▶ [EXERCISE DIRECTIONS]: Retype every line from the start of the data down to and including the line with "59 S Rogers Ln #201, Fresno, CA 93727". Skip the pictures.

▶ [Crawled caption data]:
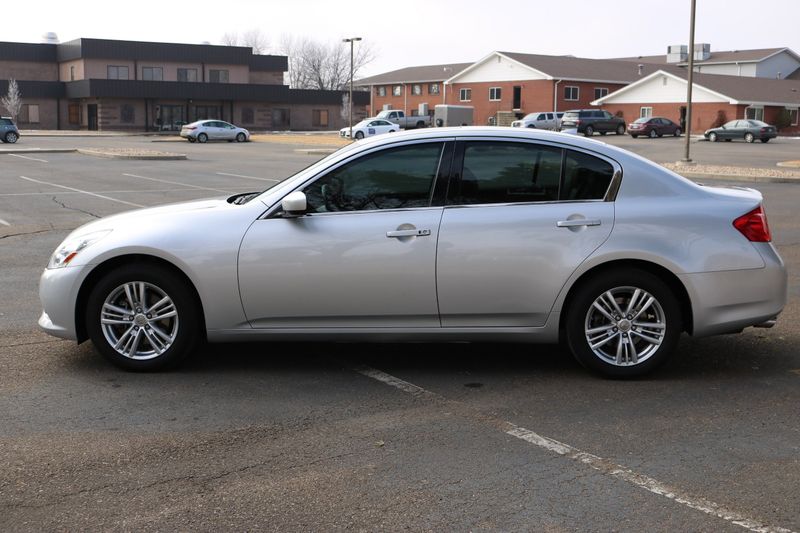 GYRDOO60LGDOGA.jpg?h=500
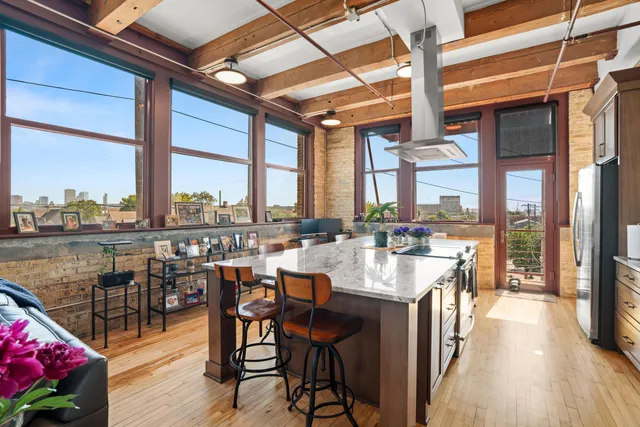 $3,000 | 215 West Maple Street, Unit 312, Milwaukee, WI 53204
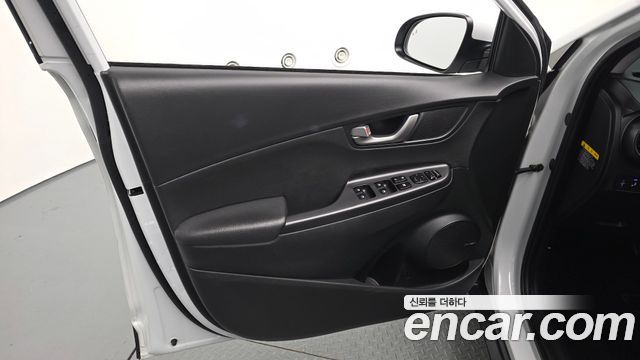 Hyundai Kona 2018 — photo 14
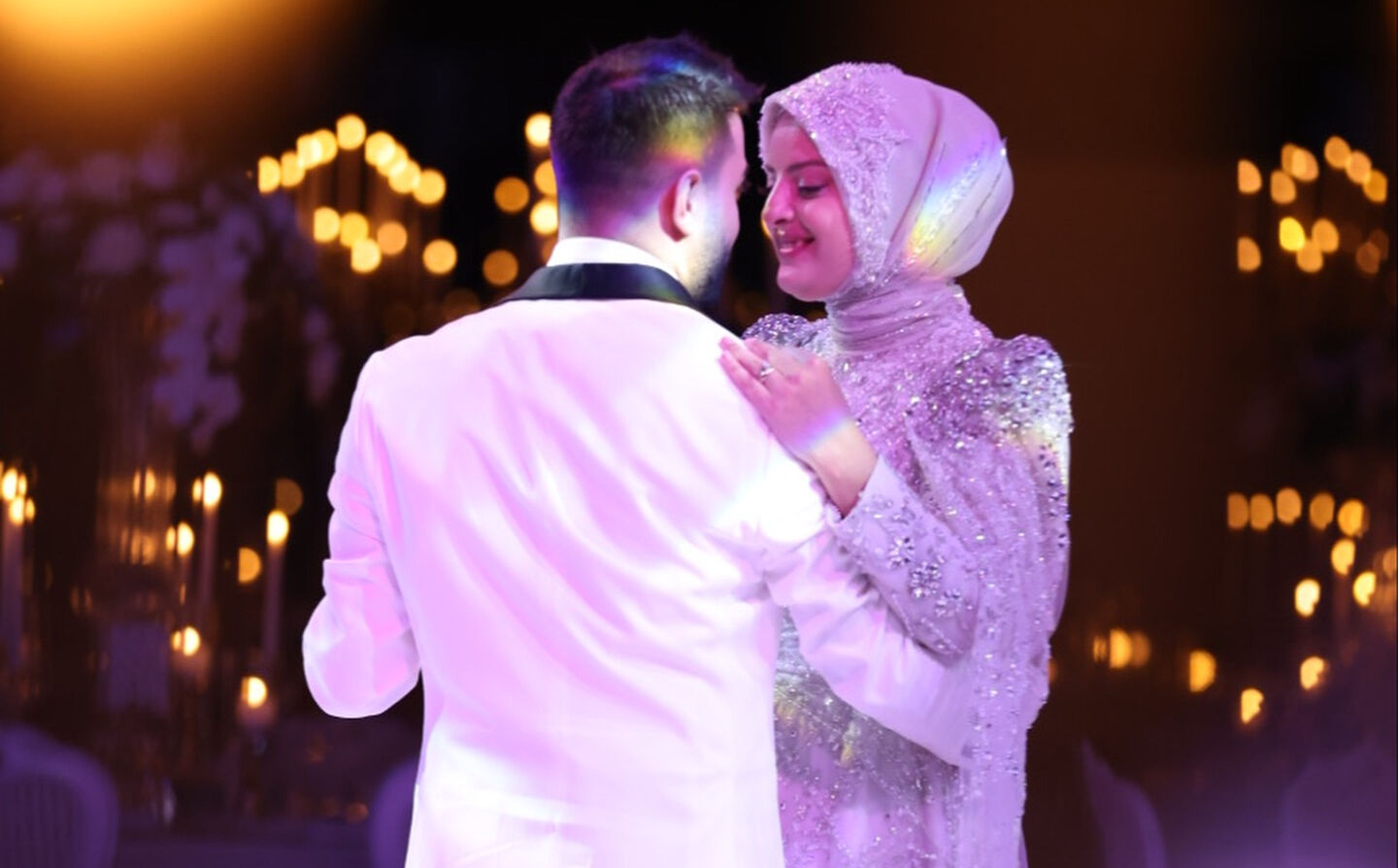 Kadir Ezildi'den ikinci nişan! Bonkör kayınvalide 'altın şov' yaptı Kadir Ezildi'den ikinci nişan! Bonkör kayınvalide 'altın şov' yaptı - 5. Resim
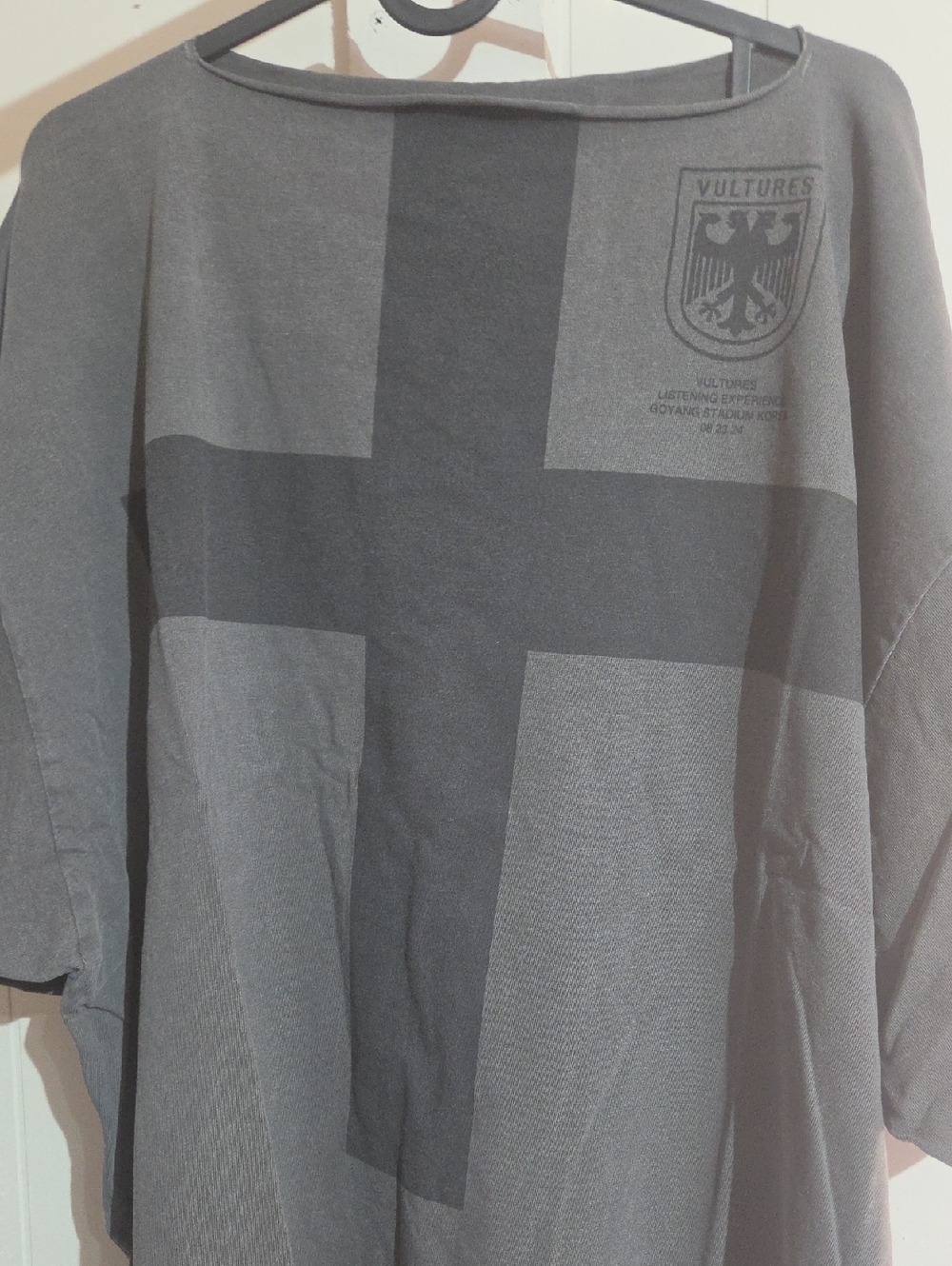 Men's Yeezy Short Sleeve Graphic Tee in Dark Gray Size L/xl
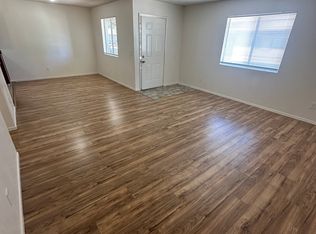 59 S Rogers Ln #201, Fresno, CA 93727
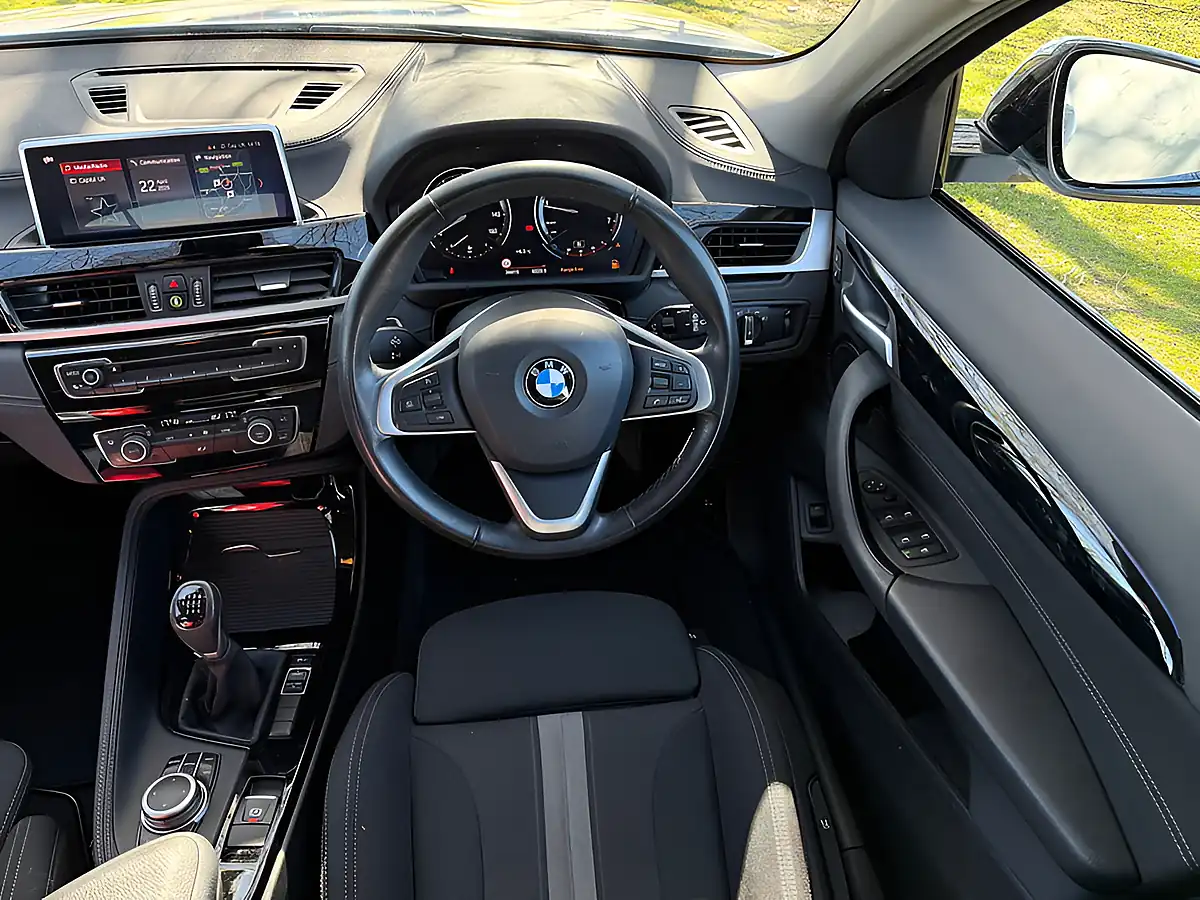 Used 2019 BMW X2 Sport White - Interior and Exterior details 12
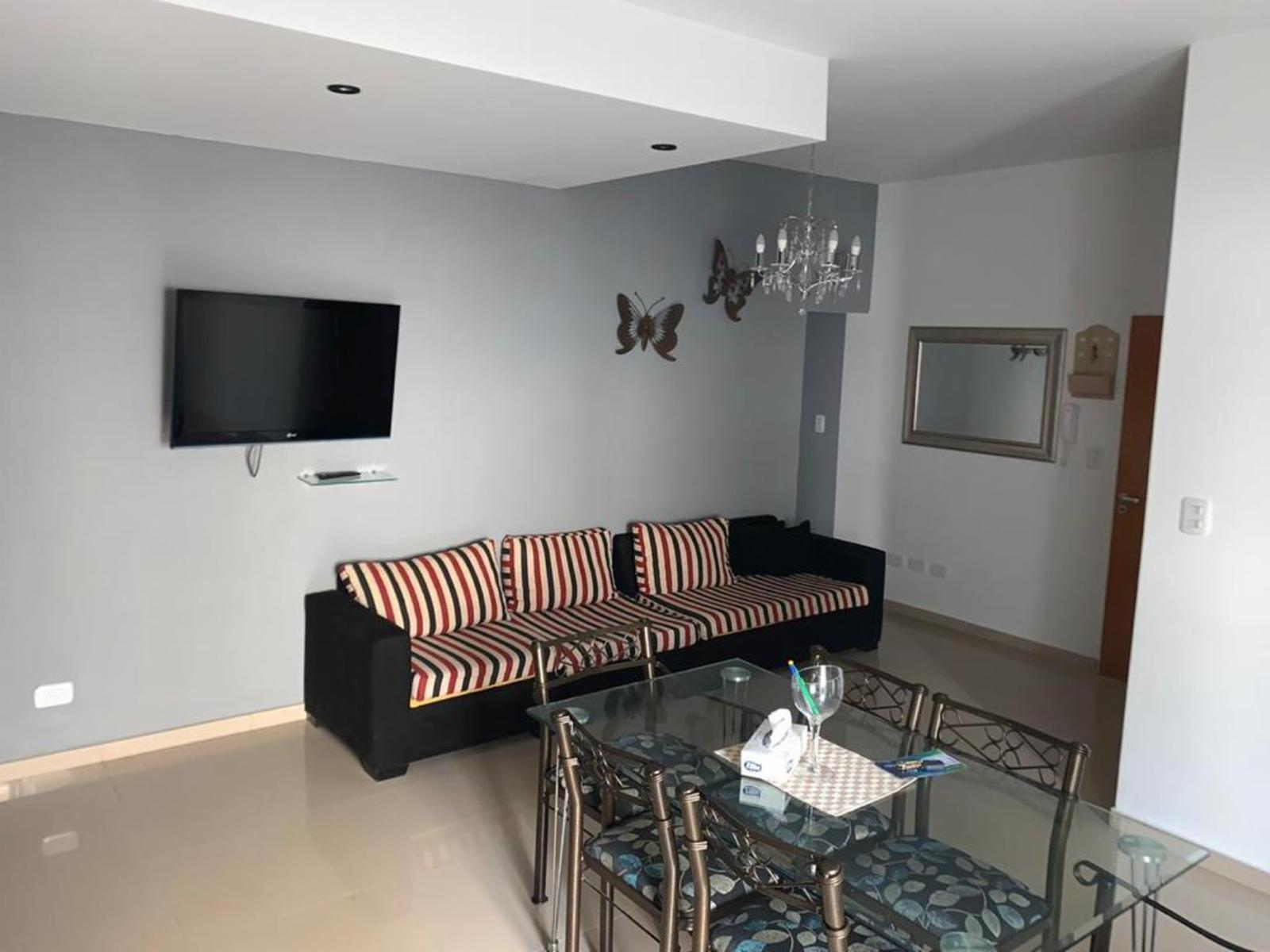 Departamento 2 ambientes con patio y cochera - Cervantes 2500 Villa Luzuriaga — foto 4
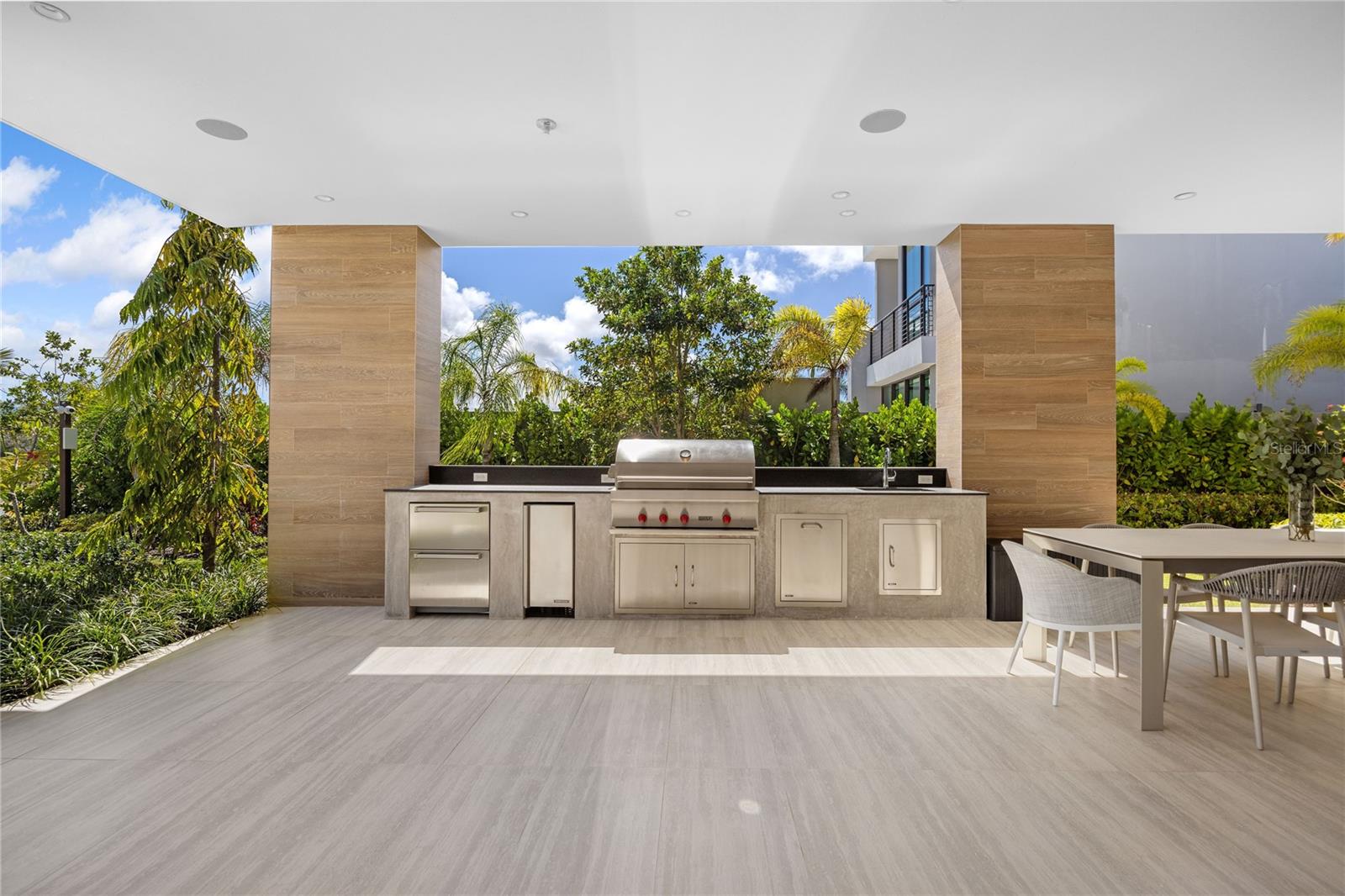 THE ISLES AT DORADO BEACH - Residential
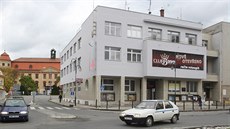 Funkcionalistická chlouba Hole�ova je po oprav�. Její prostory si pronajímá...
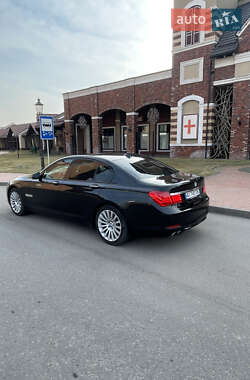 BMW 7 Series  2010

▶ [OUTPUT]:
 GYRDOO60LGDOGA.jpg?h=500
 $3,000 | 215 West Maple Street, Unit 312, Milwaukee, WI 53204
 Hyundai Kona 2018 — photo 14
 Kadir Ezildi'den ikinci nişan! Bonkör kayınvalide 'altın şov' yaptı Kadir Ezildi'den ikinci nişan! Bonkör kayınvalide 'altın şov' yaptı - 5. Resim
 Men's Yeezy Short Sleeve Graphic Tee in Dark Gray Size L/xl
 59 S Rogers Ln #201, Fresno, CA 93727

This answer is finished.